**TASK:**
Reproduce the entire listing exactly. Leave the pictures out.

**SOURCE DATA:**
※ ※ ※
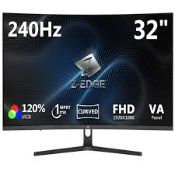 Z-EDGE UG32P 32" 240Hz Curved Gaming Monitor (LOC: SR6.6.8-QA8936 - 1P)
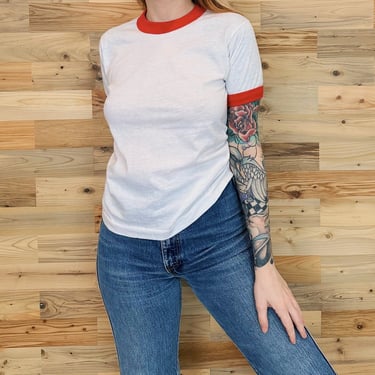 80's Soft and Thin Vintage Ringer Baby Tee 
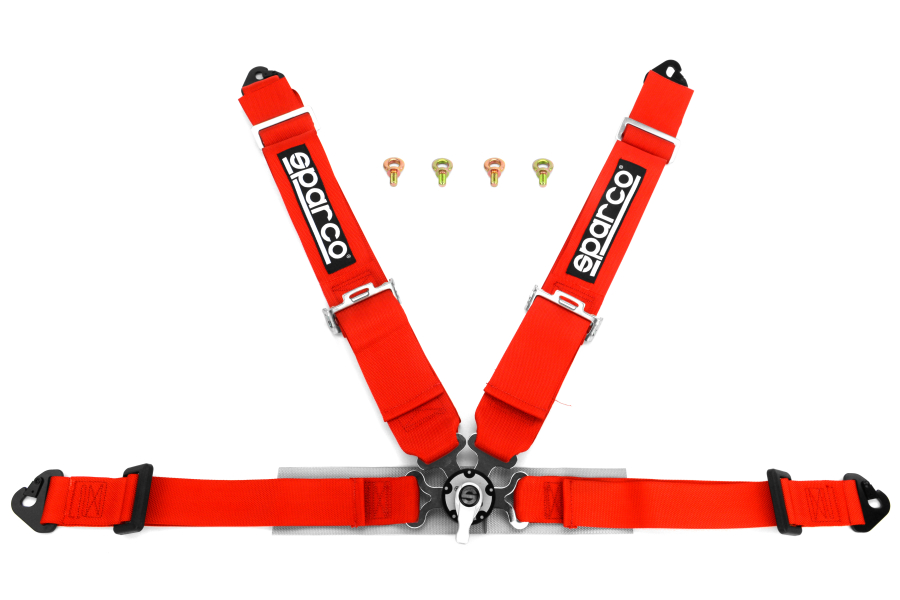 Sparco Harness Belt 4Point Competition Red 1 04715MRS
※ ※ ※
**ANSWER BOX:**
 Z-EDGE UG32P 32" 240Hz Curved Gaming Monitor (LOC: SR6.6.8-QA8936 - 1P)
 80's Soft and Thin Vintage Ringer Baby Tee 
 Sparco Harness Belt 4Point Competition Red 1 04715MRS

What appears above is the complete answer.